# Solved: VBScript function return value



## madd74

I am attempting to write a small VBScript file (myfile.vbs) that has a function that does a data check and returns that value, however it is not returning the value. I am using this on a computer network, so I have no ability to install other 3rd party software, hense the reason I use a text file with the .vbs extension on it. Code looks like this:



Code:


function vTest(ftest)
  test = InputBox("RNA - Ring No Answer"&vbCrLf&"GBI   - Busy")
    if test="rna" or test="gbi" or test="vm" or test="gco" or test="rt" or test="tran" or test="cfn" then
      ftest=test
    else
      vTest(ftest)
    end if
  MsgBox test                                     'this will have a message box with one of the required values, rna, gbi, vm, etc
end function

MsgBox vTest(ftest)                               'this is blank

The MsgBox test inside the function will return the test varible (rna, gbi, etc). However the function call vTest(ftest) makes a blank pop up indicating the varible did not pass. I have attempted it without passing a varible "function vTest()", and still get the same results. No errors, but no varible leaves the function.


----------



## Ent

You don't seem to be using ftest in that function, so I'm inclined to suggest it's unnecessary (unless of course you plan to improve the function to use it later).
Remember, anything inside the parentheses is an argument to the function, used to modify how the function behaves.

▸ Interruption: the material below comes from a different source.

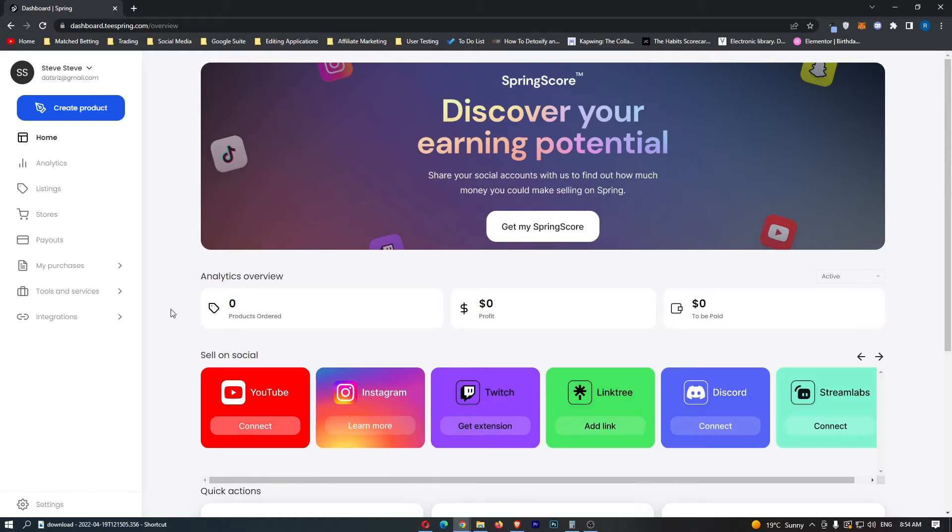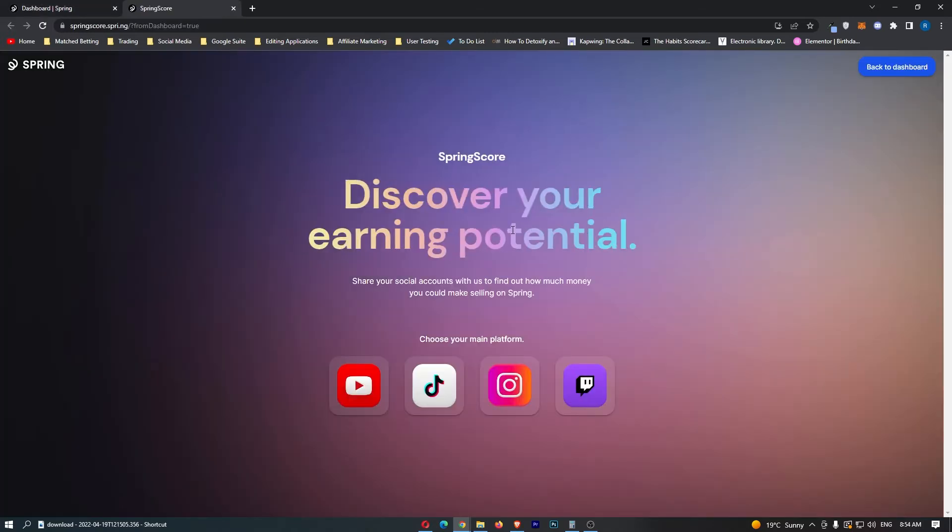Okay, so to do this you first of all want to load up Teespring right here and sign in to your account. Once you have signed in we can simply click get my spring score here in the middle and this is going to take us over to this area.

To specify the result of a function, you don't change one of its arguments. In most languages you have some sort of RETURN statement; in VBS you actually just specify a variable having the same name as the function. For example


Code:


vTest=test


----------



## madd74

Well I tried a few other things, all with the same results. I actually attempted to not use a variable pass and I still had a problem for some reason. The following seems to go with what you say, and I still get the same results:



Code:


function vTest()
  test = InputBox("RNA - Ring No Answer"&vbCrLf&"GBI   - Busy")
    if test="rna" or test="gbi" or test="vm" or test="gco" or test="rt" or test="tran" or test="cfn" then
      test = test
    else
      vTest()
    end if
  MsgBox test         'This MsgBox returns whatever value you are able to pass woth the test = InputBox
end function

test=vTest()

msgbox test           'This MsgBox still returns null


----------



## Ent

Not 
test = test
That's about as useful as saying Dave is Dave.
vTest = test
That is, the function returns the value of test.


----------



## Rollin_Again

Here is a proper example of calling a function.

*Create the function*



Code:


Function vTest(vString As String)
  
Select Case LCase(vString)

Case "rna", "gbi", "vm", "gco", "rt", "tran", "cfn"

vTest = "YES"

Case Else

vTest = "NO"

End Select
                              
End Function

*Call the function from your subroutine
*


Code:


Sub TestSub()

vAnswer = vTest(InputBox("RNA - Ring No Answer" & vbCrLf & "GBI   - Busy"))

MsgBox(vAnswer)

End Sub

Rollin


----------



## madd74

Ent, yes, I know, I had test=test just because I wanted the function to make sure it was valid (the else statement). In actuality, it should be, "If not =... then vtest()" without an else, however dealing with about 9+ programming langages, I was not exactly sure how to do that with VBScript (i can in C+, and a few others)  I could have very well put a random comment in there, or, sucked it up and did research on how to "if not equal then" for VBScript.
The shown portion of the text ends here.